18:59 pmichaud NotFound:  which test in t/op/stringu.t contains a non-ascii char inside the "..." ?
18:59 allison pmichaud: test named "UTF8 as malformed ascii"
18:59 pmichaud well, yes, that's testing that it's in fact an error
18:59 barney line 197 of pdd19 ?
19:00 allison and "UTF8 literals"
19:00 NotFound "UTF8 literals" also
19:00 pmichaud UTF8 literals I agree with, although that one matches the example given on pdd19:194
19:00 allison pmichaud: it's testing that it's an error when you specify ASCII encoding, but allowed as a string literal
19:00 spinclad t/op/stringu.t:187ff
19:01 pmichaud so, what's the question again?  (I think the answer is simply that pdd19 needs clarification.)
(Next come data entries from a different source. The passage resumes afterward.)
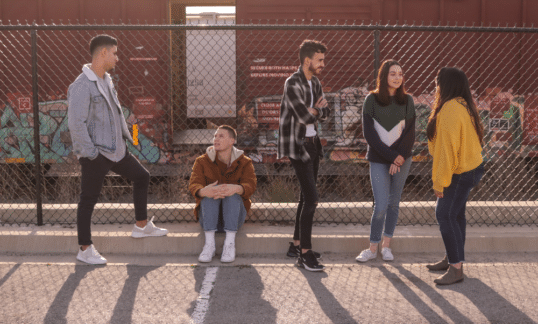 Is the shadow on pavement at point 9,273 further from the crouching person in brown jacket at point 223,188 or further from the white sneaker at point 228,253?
the white sneaker at point 228,253

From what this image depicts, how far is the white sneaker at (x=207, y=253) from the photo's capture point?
159 inches

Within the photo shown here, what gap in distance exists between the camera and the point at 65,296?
329 centimetres

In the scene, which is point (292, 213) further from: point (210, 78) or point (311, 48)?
point (210, 78)

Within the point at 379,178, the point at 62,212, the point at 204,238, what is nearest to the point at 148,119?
the point at 62,212

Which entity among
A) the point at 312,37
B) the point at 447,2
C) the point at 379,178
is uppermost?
the point at 447,2

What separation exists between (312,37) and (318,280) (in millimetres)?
4899

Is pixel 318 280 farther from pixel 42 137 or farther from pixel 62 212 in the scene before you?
pixel 42 137

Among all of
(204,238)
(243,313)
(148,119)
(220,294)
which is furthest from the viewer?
(148,119)

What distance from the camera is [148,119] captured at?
7352 mm

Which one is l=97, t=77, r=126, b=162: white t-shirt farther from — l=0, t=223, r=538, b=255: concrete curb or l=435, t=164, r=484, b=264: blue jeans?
l=435, t=164, r=484, b=264: blue jeans

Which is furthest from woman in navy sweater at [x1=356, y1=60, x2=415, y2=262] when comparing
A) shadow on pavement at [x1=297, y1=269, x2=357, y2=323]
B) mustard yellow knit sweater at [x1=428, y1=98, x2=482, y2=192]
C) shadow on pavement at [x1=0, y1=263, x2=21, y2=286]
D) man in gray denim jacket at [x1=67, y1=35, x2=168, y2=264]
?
shadow on pavement at [x1=0, y1=263, x2=21, y2=286]

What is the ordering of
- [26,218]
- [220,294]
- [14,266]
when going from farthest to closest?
1. [26,218]
2. [14,266]
3. [220,294]

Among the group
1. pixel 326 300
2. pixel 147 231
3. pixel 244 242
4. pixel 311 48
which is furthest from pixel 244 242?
pixel 311 48

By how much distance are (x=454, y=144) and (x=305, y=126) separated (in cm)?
112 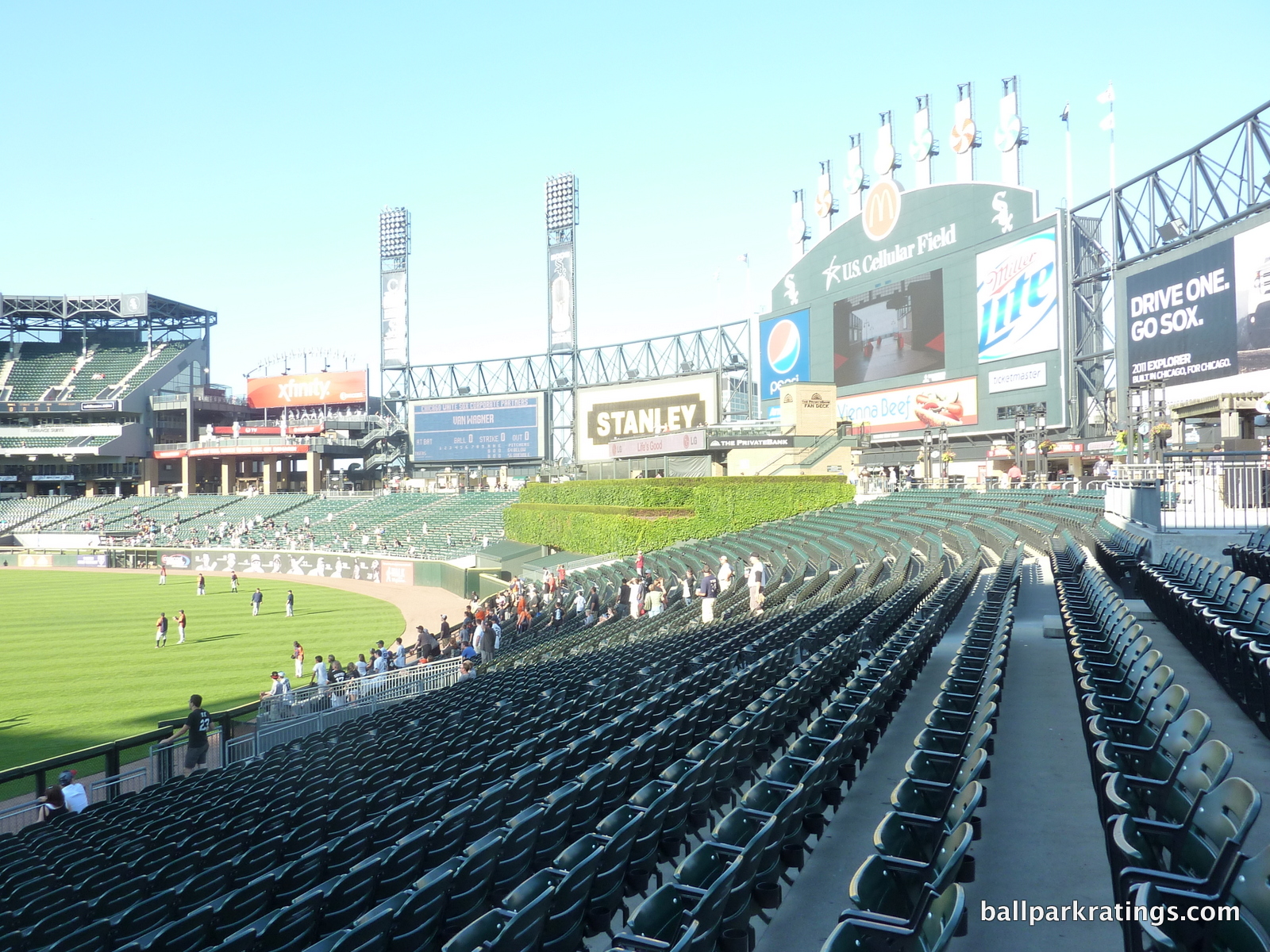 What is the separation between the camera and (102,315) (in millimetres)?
83438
19:01 allison remember, PDD 19 was pulled together from a pile of old documentation
19:01 NotFound So whay is the intention of the spec? They must always be escaped or not?
19:01 NotFound what
19:01 DietCoke no.
19:01 spinclad :200ff disagrees: 'no escapes'
19:02 spinclad (disagrees with pdd)
19:02 pmichaud if an encoding is given, no escaping.
19:02 barney Tests and spec seem to be in line. Question is whether the spec is correct.
19:02 pmichaud if no encoding is given, then the contents of the "..." must be 7-bit ascii
19:03 allison hang on... editing the text now
19:03 pmichaud note that unicode:  is not an encoding, so    unicode:"«"  is not valid, although   utf8:unicode:"«"   is.
19:04 DietCoke Folks, I have to run. I do hope we can agree to name our executables in some of consistent fashion. cotto_work still has a question when this question is resolved.
19:04 DietCoke See folks next week.
19:04 cotto_work bye
19:04 NotFound And the second part is: when unicode: and no encoding is specified, the default utf8 is appliable to the generated string only, or to the escapes in the content also?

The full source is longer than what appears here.